▸ **Work to complete**: Set the data down again, exactly as it reads, but without the pictures.

▸ **Provided data**:
────────────────
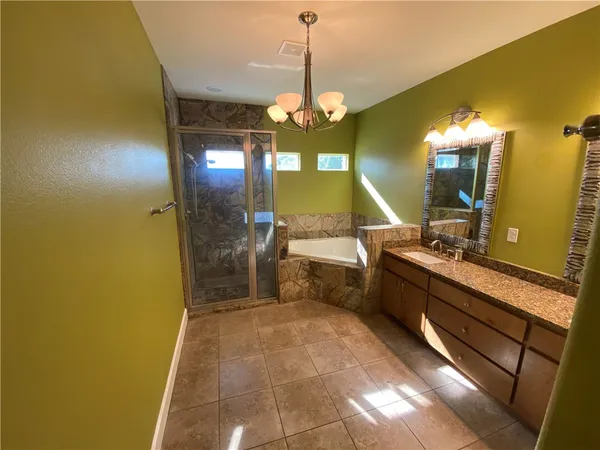 a bathroom with a sink a mirror and a shower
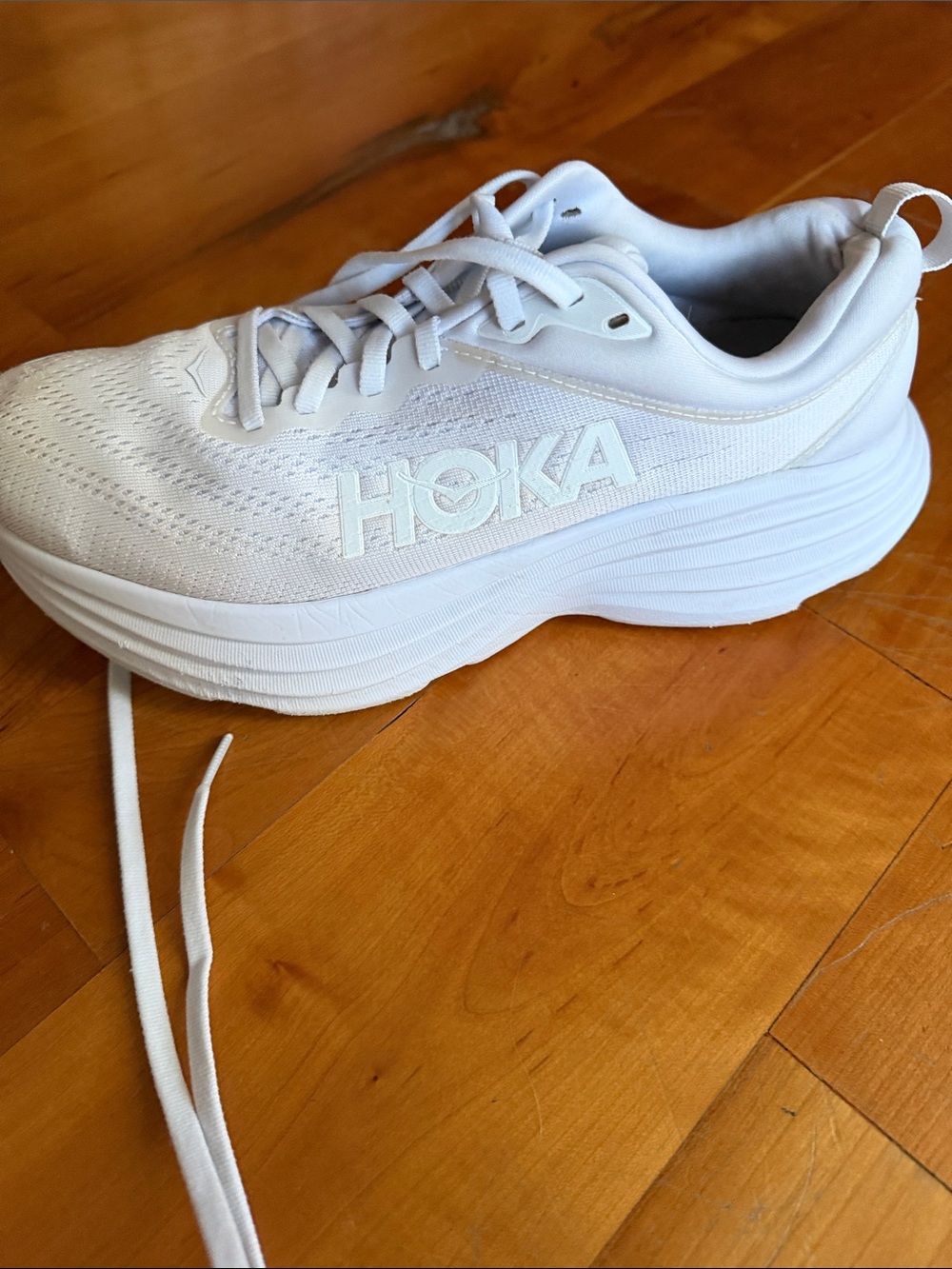 Hoka Bondi 8 White Cushioned Running Sneakers - Picture 2 of 13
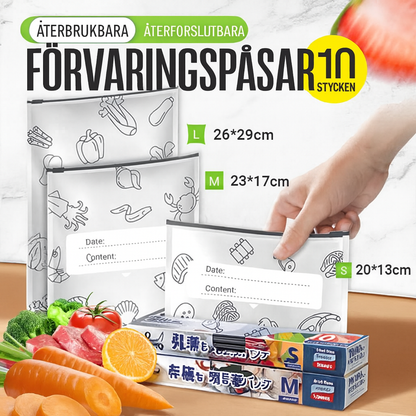 Teranvändbara Förvaringspåsar i Aluminiumfolie med Förslutning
────────────────
▸ **Reply to the task**:
 a bathroom with a sink a mirror and a shower
 Hoka Bondi 8 White Cushioned Running Sneakers - Picture 2 of 13
 Teranvändbara Förvaringspåsar i Aluminiumfolie med Förslutning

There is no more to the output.